The program also requires that other credit be acceptable. According to HUD, major negative credit such as judgments or collections or other recent credit problems must be explained by the borrower and the explanation must be satisfactory to the lender.
HUD also wants to remind us that a short refinance in which the principal balance of the loan is reduced by 10% may negatively impact the credit score of the borrower as it may be reported as a short refinance. Further, the borrower should consult with a tax preparer because he may have to pay taxes on the amount of the debt forgiveness since as far as the IRS is concerned, this could be considered income. To put that into perspective, if you owe $400,000 on your home and you have your principal reduced 10% on your mortgage by your current lien holder, that is $40,000 in debt forgiveness which could potentially be added to your income for income tax purposes.

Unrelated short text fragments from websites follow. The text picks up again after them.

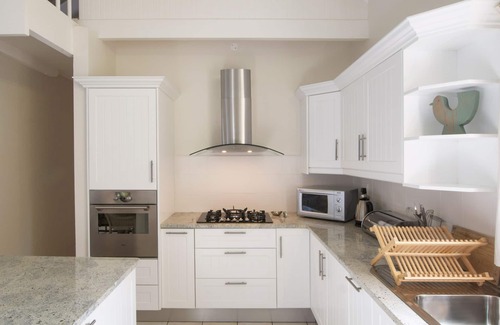 Plettenberg Bay Apartment | Family-friendly tranquil house Plettenberg Bay area. 400m from stunning beach.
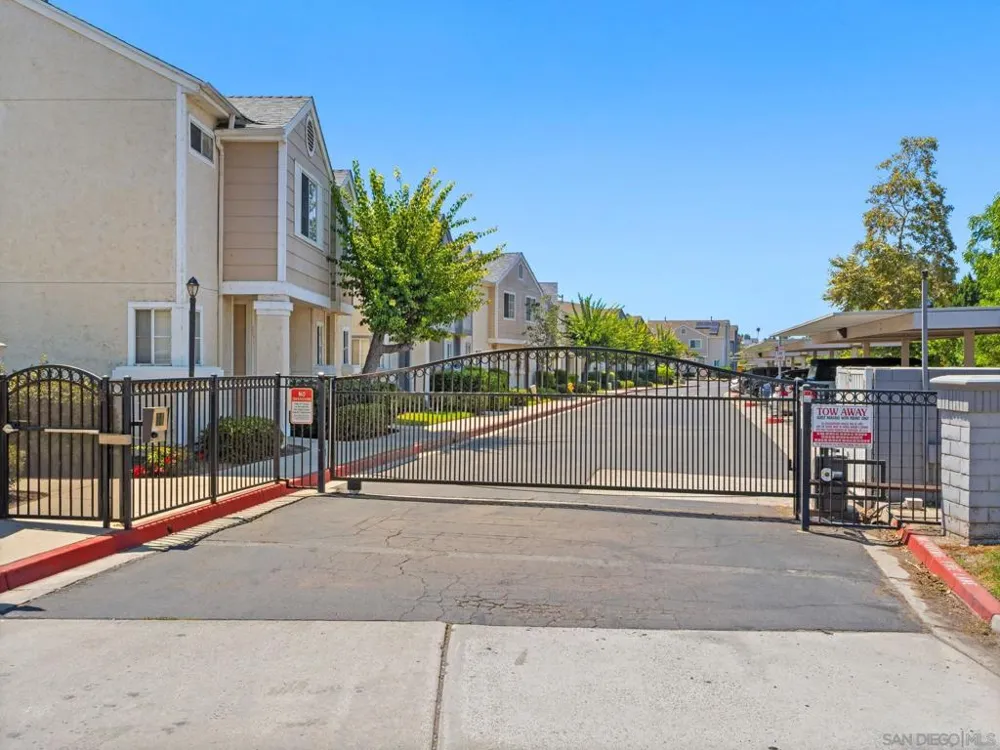 8946 Arlingdale Way Spring Valley, CA 91977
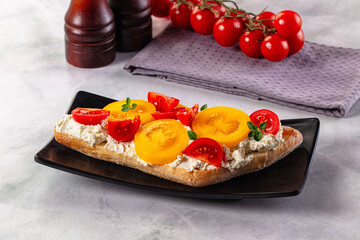 Bread with cream cheese and tomato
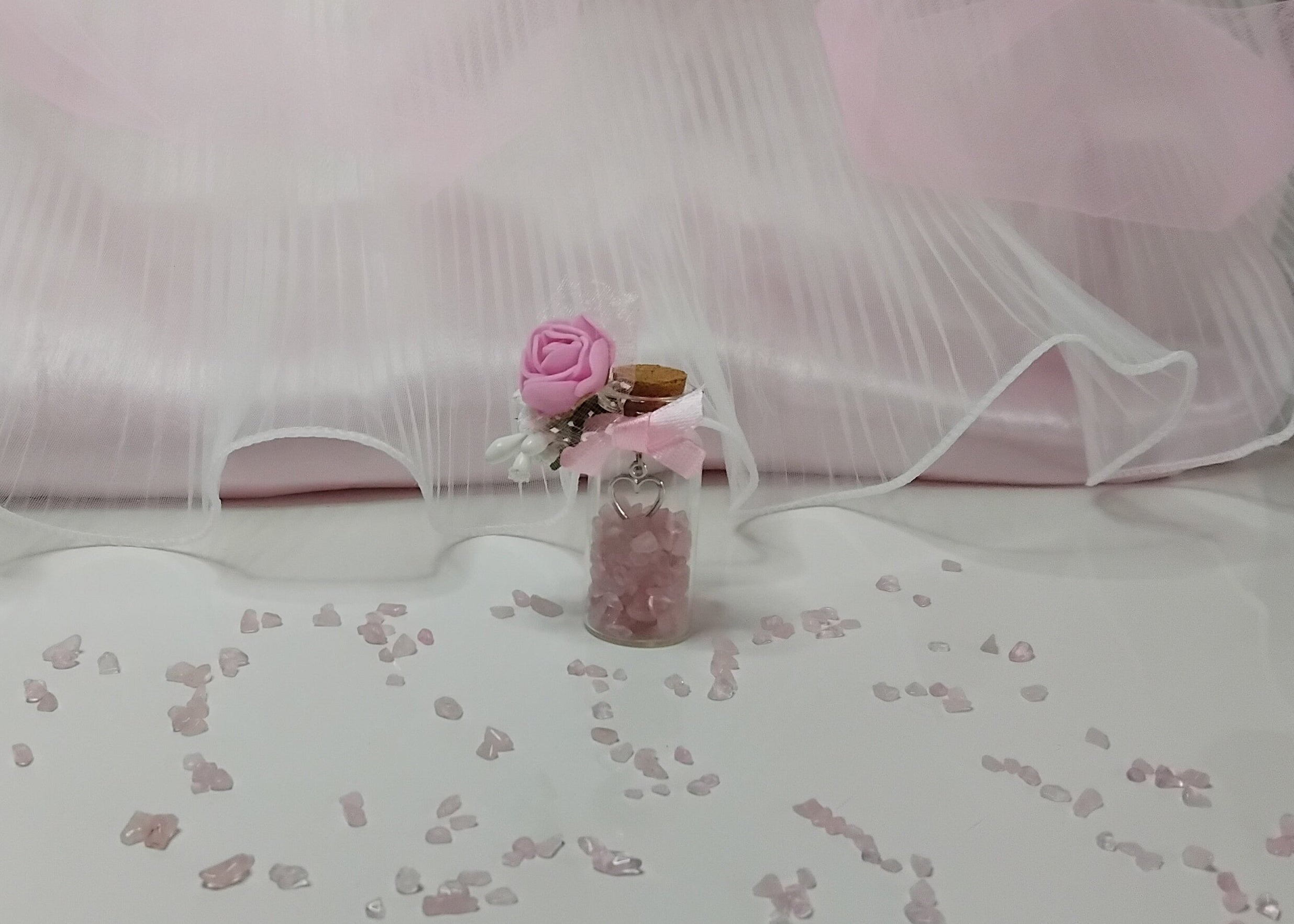 Fiole aux Quartz rose avec son bouquet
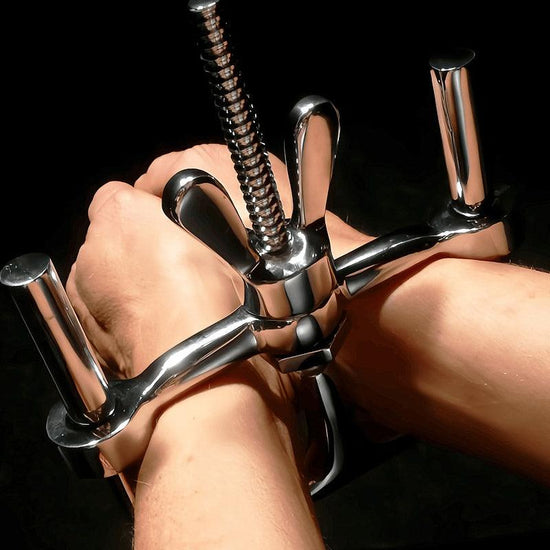 THORN GARDEN™ 0.75kg Stainless steel combination lock handcuffs with free shipping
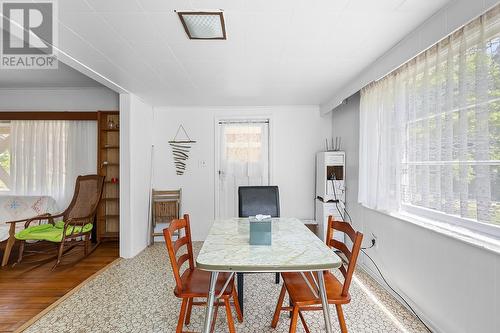 15781 Peters Road, Crawford Bay, BC - Indoor Photo Showing Dining Room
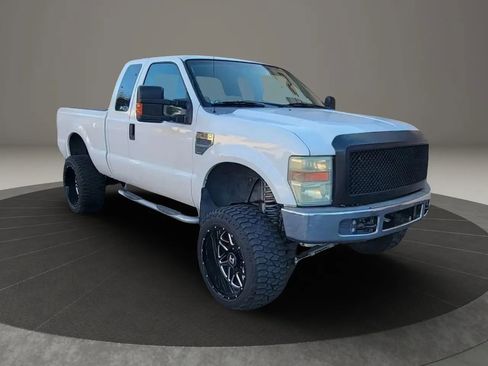 Used 2008 Ford F250 XL image 2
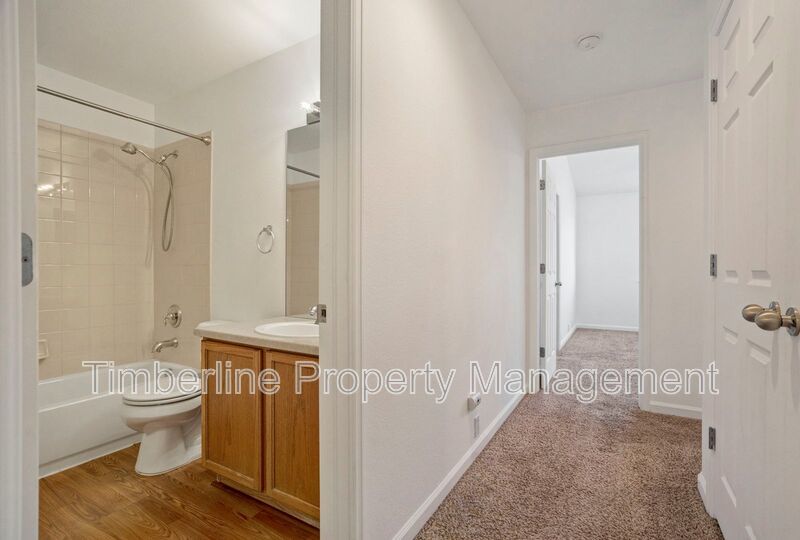 Cute 2bd, 2.5ba Townhome Across from Cottonwood Park....shorter lease term available property image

HUD estimates that between 500,000 and 1,500,000 borrowers will refinance on this new program. And that figure may be true. What HUD is not saying is that the Making Home Affordable Program, which is the stepmother of FHA's new program, has given trial modifications to about 1.3 million borrowers so far. The trial modifications last three or four months. But of those 1.3 million, nearly 600,000 homeowners have dropped out of the program because they could not make their house payments, and another 250,000 are still waiting to see if they will qualify for modification. An August 27 article in Daily Finance cites a Barclay's Bank study that 60% of homeowners who complete the Making Home Affordable Program and refinance their homes will ultimately go back into default. The reason--they simply cannot afford the houses in the first place.
The problem is so serious that Daily Finance referred to the Making Home Affordable Program as "Real Estate Mortuary's Waiting Room," because the loans that are in HAMP are going to eventually end up in foreclosure.
HUD is hoping that the new FHA refinance will be more effective and more promising. But with unemployment still high and sales dropping, another program to try to fix everything by lowering the house payments of homeowners who cannot afford their homes may just be a lot of hype after all.